Where is the furniture?
by Daniel R. Hirtler on 12/07/10
It is interesting to note that most architectural spaces are not made with any thing to sit on, where at the same time, they are usually presented unfurnished as the achievement they are. For that matter, architectural spaces generally lack any of the components of living before they are furnished.
The problem I see with this idea occurs when the design of the space ignores the furnishings that will have to follow its completion, in order to actually use the space for something intended. Sometimes the space is too small to be useful. No ordinary array of furniture will fit into such a space. At other times, the empty space is so complete, that it won't support the addition of useful elements within it.
In residential architecture, the spaces carry titles, which reflect the functions of the spaces in the total scheme of living.
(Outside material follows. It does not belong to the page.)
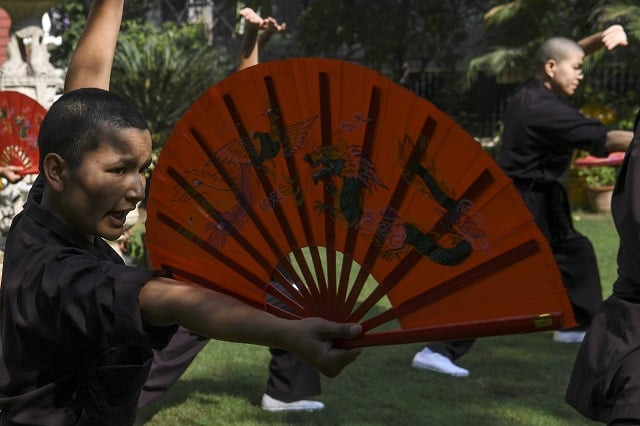 in this photo members of the kung fu nuns group demonstrate their skills in new delhi photo afp in this photo members of the kung fu nuns group demonstrate their skills in new delhi photo afp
If the empty space is active on all sides, before it is furnished to reflect its function, it is very difficult to imagine how to place furnishings in such a way as to engage the space, and live in the space functionally too.
The architectural spaces in non-residential buildings which are imagined without furnishings, often are spaces which don't have functions which require intensive furnishings, and often the scale of such spaces is large enough that the incidental furnishing that may be installed do not compete with the architecture itself.
It seems to me that it would be very useful to develop a system of designing for furniture which is integral to the architectural concept, which allows the empty space to stand on its own while crying out to have people and their furnishings to become a part of it.